━━━━━ RECORDS SHOWN

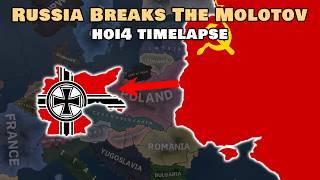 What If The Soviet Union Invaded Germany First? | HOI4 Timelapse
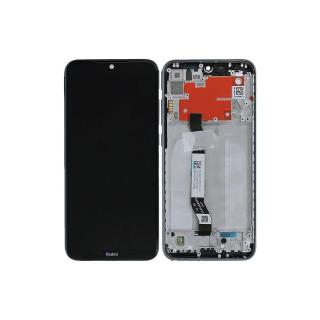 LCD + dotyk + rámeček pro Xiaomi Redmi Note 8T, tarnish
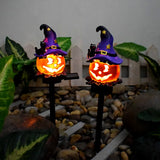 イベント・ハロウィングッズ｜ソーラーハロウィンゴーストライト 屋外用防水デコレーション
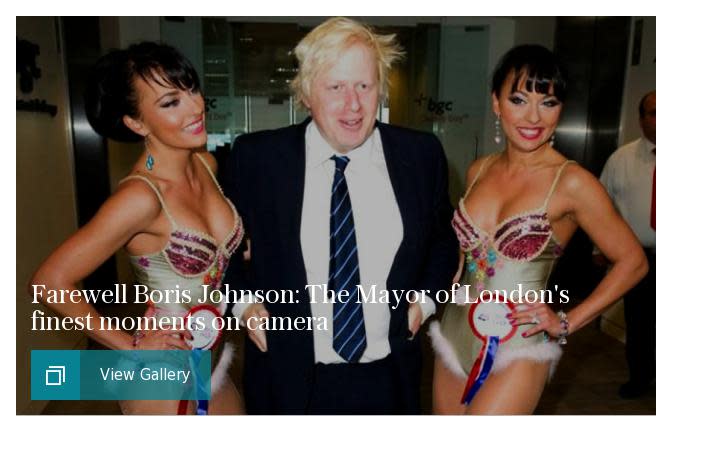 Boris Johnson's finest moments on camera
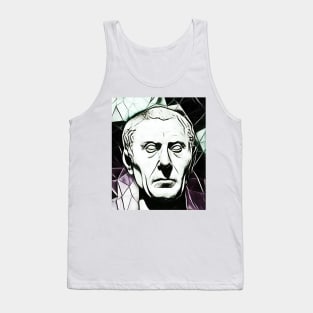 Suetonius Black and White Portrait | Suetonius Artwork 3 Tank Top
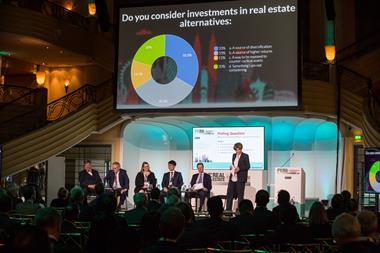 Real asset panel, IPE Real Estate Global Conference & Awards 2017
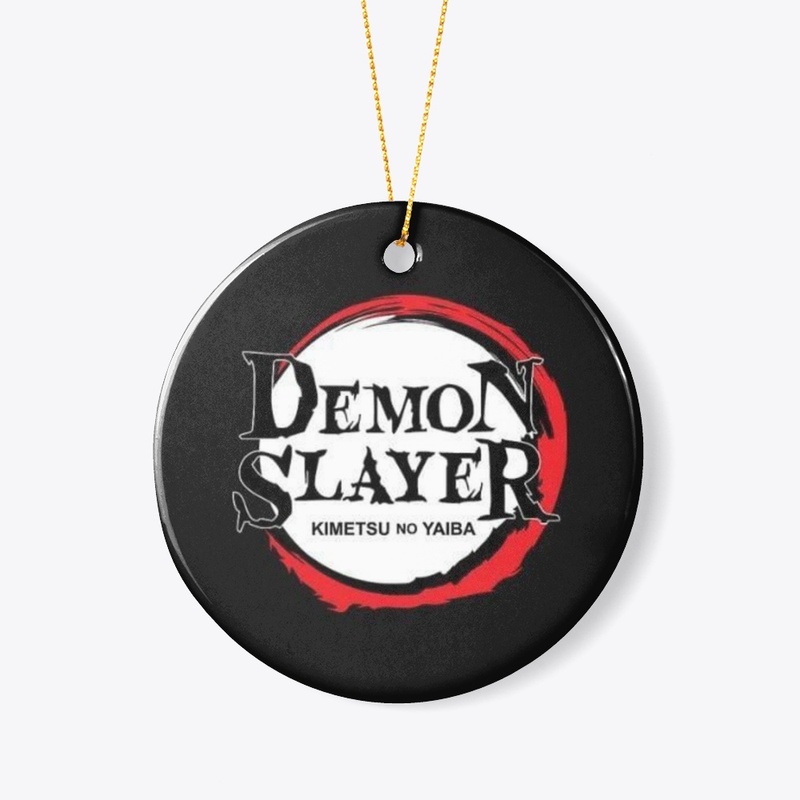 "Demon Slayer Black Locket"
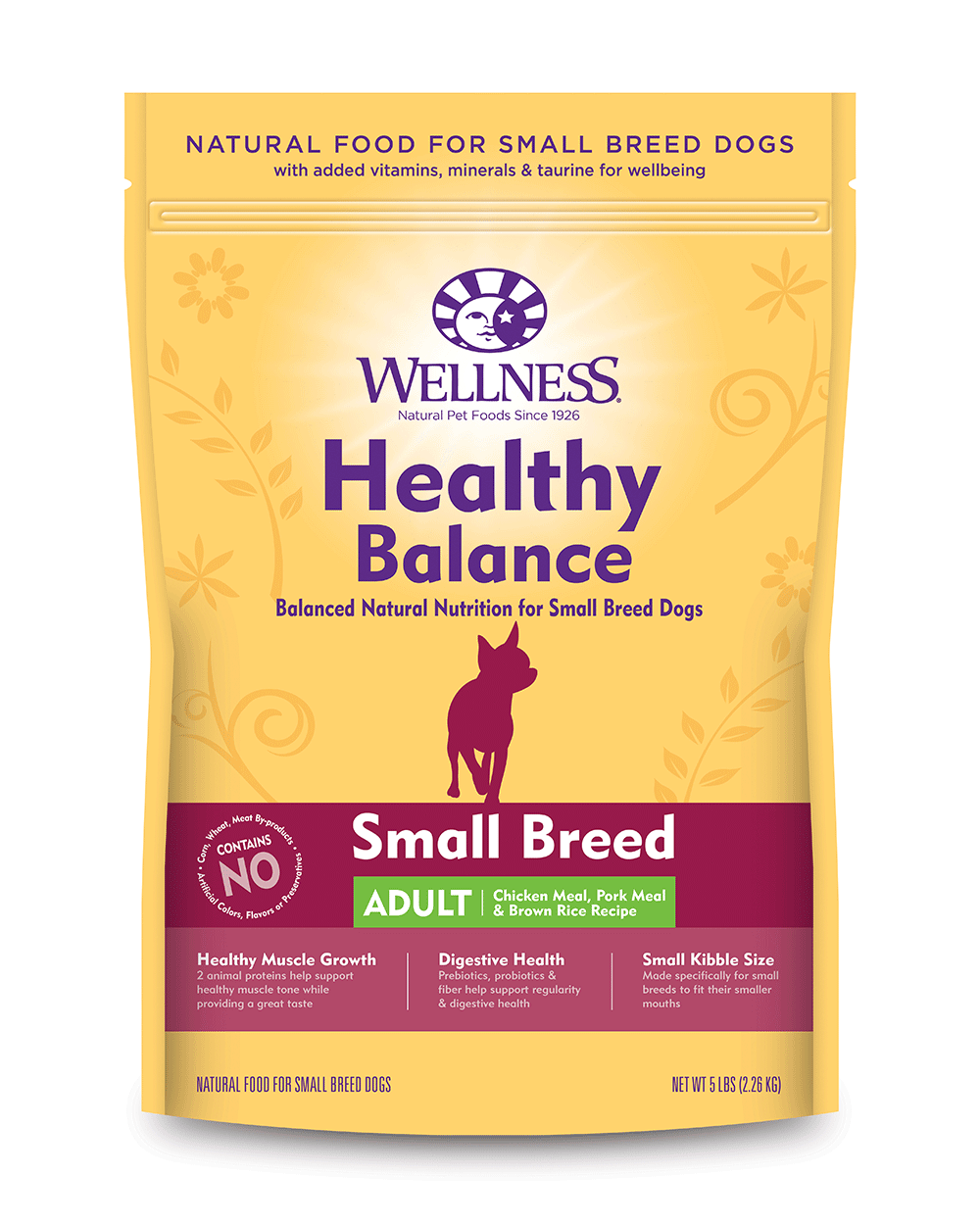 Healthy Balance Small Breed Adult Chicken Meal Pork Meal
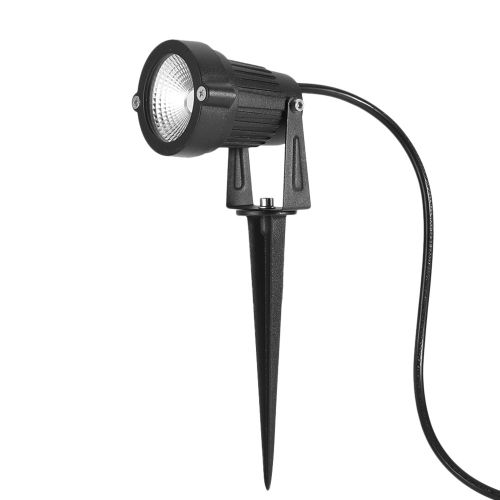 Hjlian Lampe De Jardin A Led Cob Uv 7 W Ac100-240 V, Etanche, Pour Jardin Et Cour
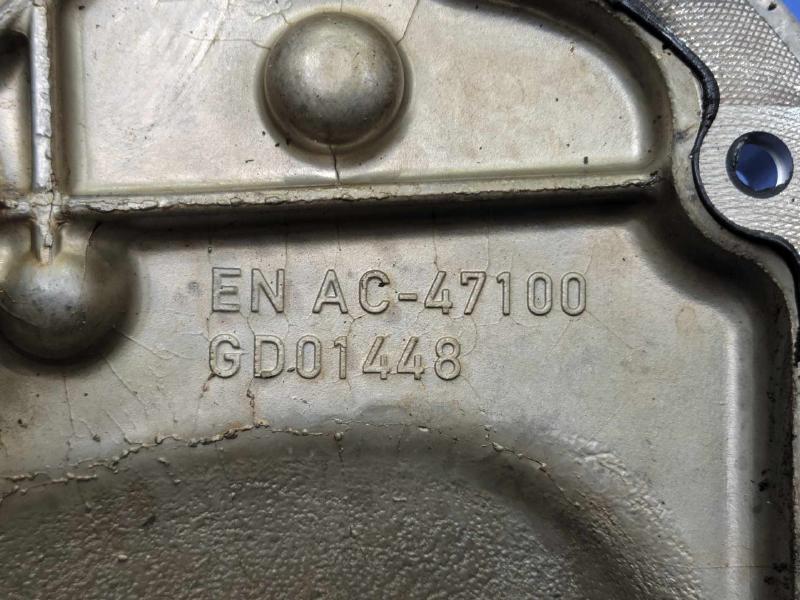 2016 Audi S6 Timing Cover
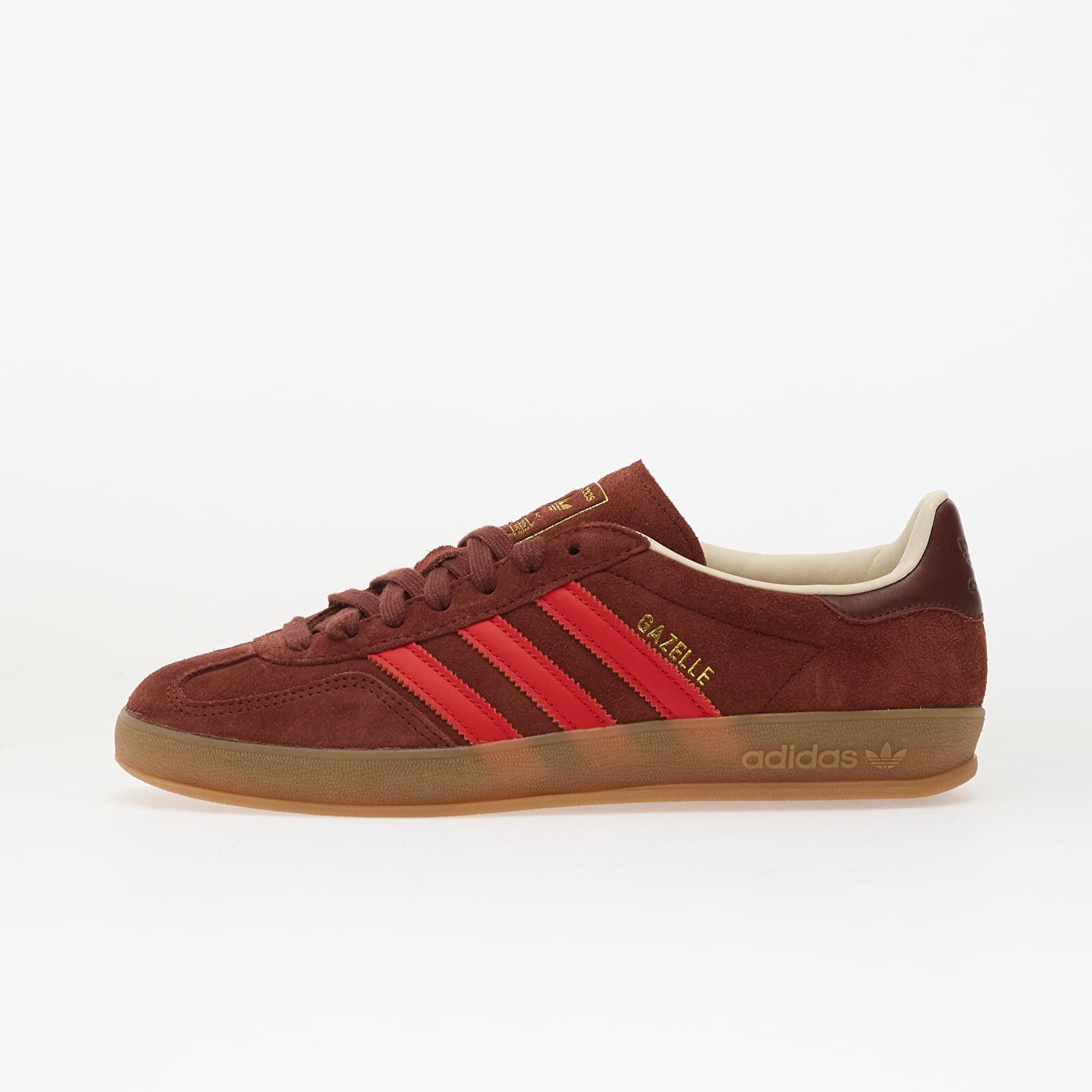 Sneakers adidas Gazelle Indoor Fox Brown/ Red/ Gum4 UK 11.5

━━━━━━━━━━
━━━━━ RECORDS SHOWN

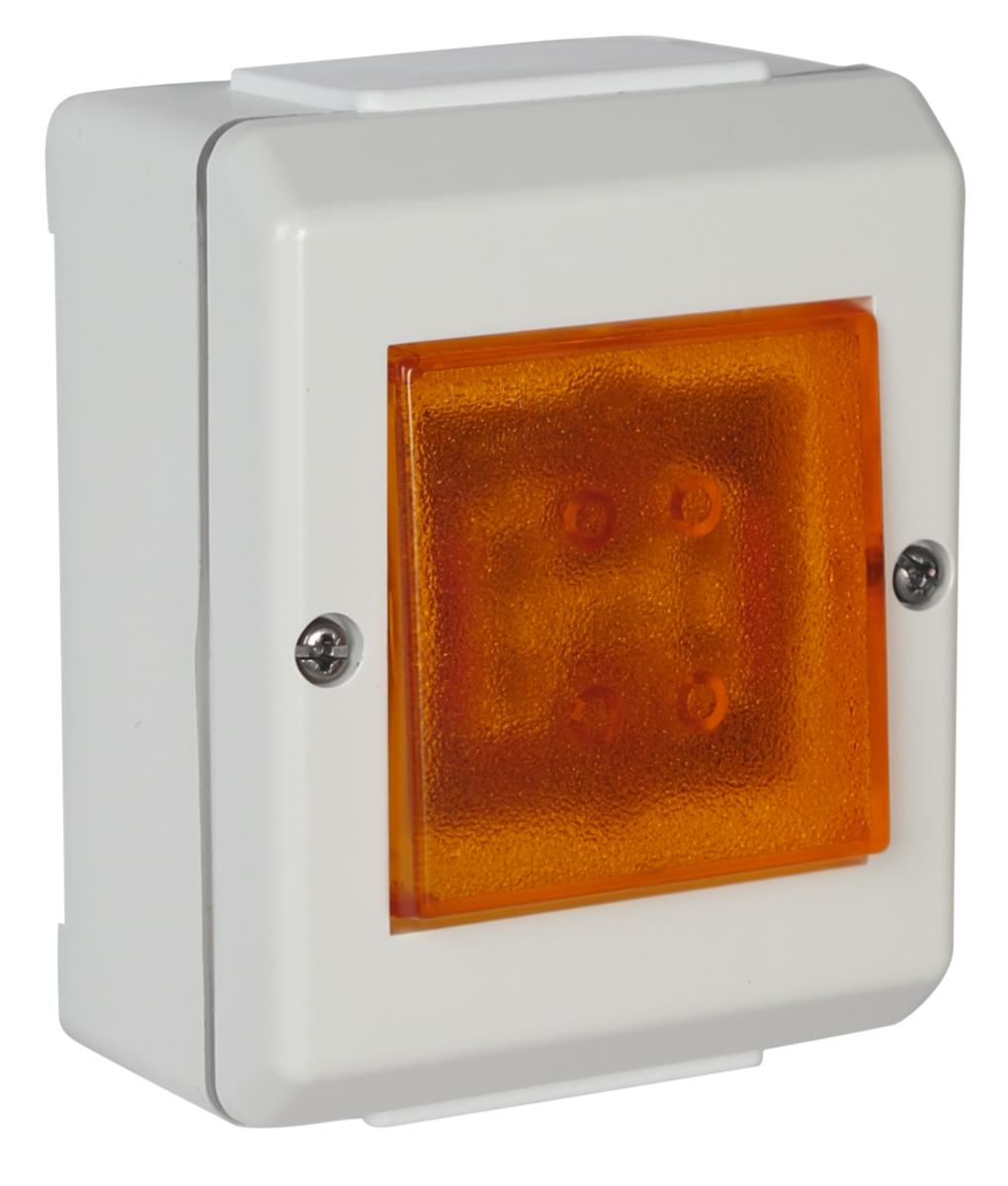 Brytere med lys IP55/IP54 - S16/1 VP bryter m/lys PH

━━━━━━━━━━
━━━━━ RECORDS SHOWN

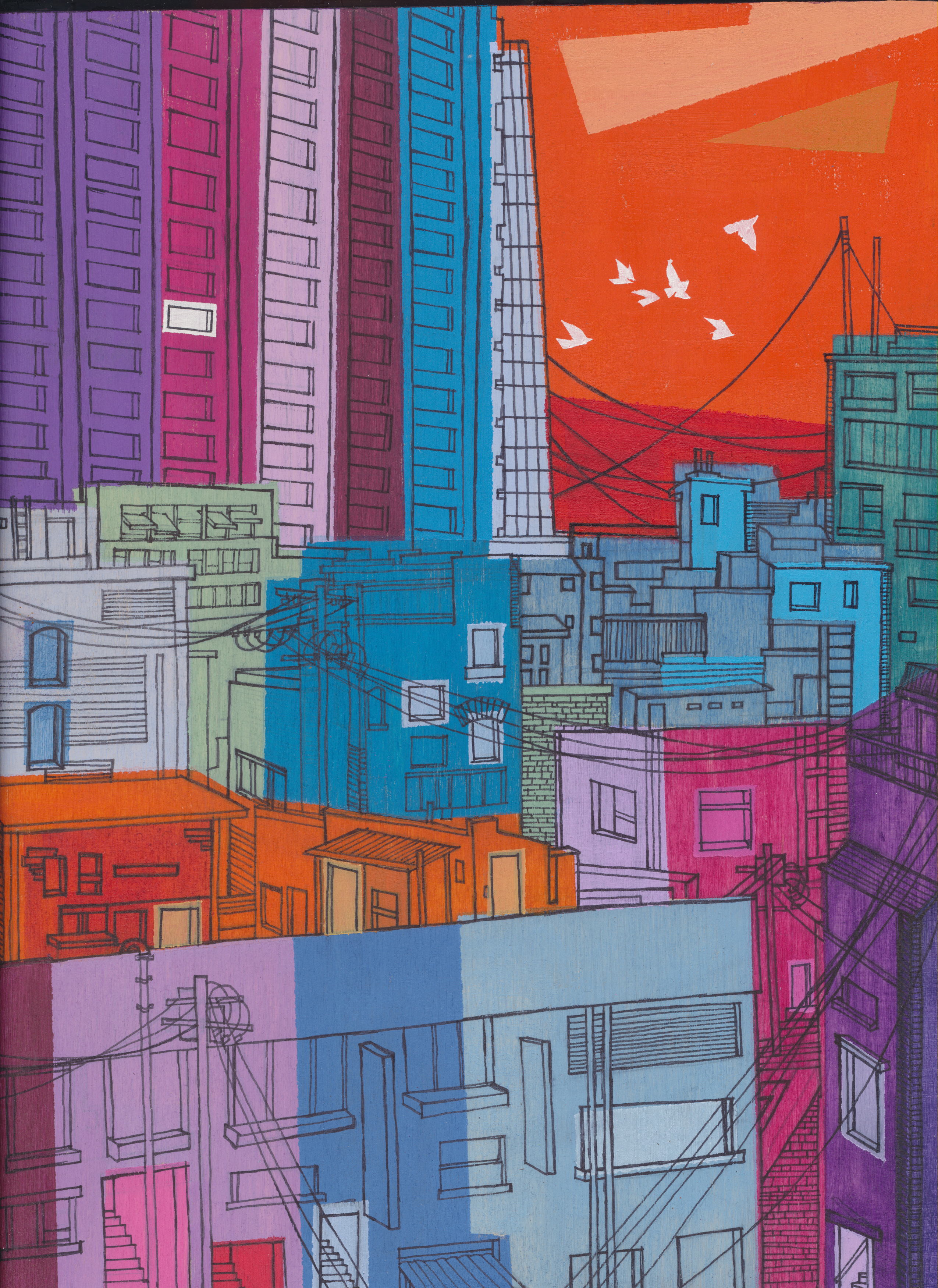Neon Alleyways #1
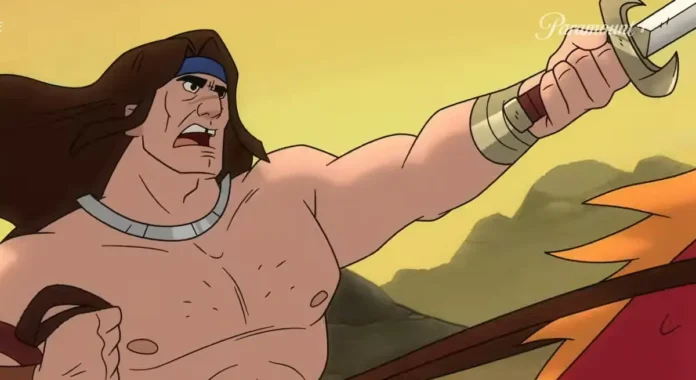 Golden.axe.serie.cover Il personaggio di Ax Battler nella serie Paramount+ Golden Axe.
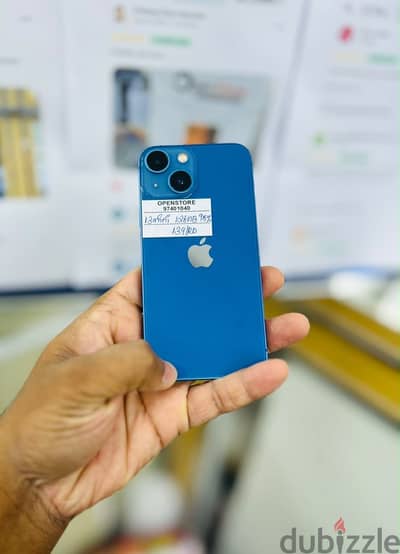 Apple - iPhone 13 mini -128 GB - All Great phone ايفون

━━━━━━━━━━

## WHAT IS EXPECTED
Line for line, output the entries above from the line with "Real asset panel, IPE" to the line with "Sneakers adidas Gazelle", both included, and nothing more. Skip pictures.

## YOUR SOLUTION
 Real asset panel, IPE Real Estate Global Conference & Awards 2017
 "Demon Slayer Black Locket"
 Healthy Balance Small Breed Adult Chicken Meal Pork Meal
 Hjlian Lampe De Jardin A Led Cob Uv 7 W Ac100-240 V, Etanche, Pour Jardin Et Cour
 2016 Audi S6 Timing Cover
 Sneakers adidas Gazelle Indoor Fox Brown/ Red/ Gum4 UK 11.5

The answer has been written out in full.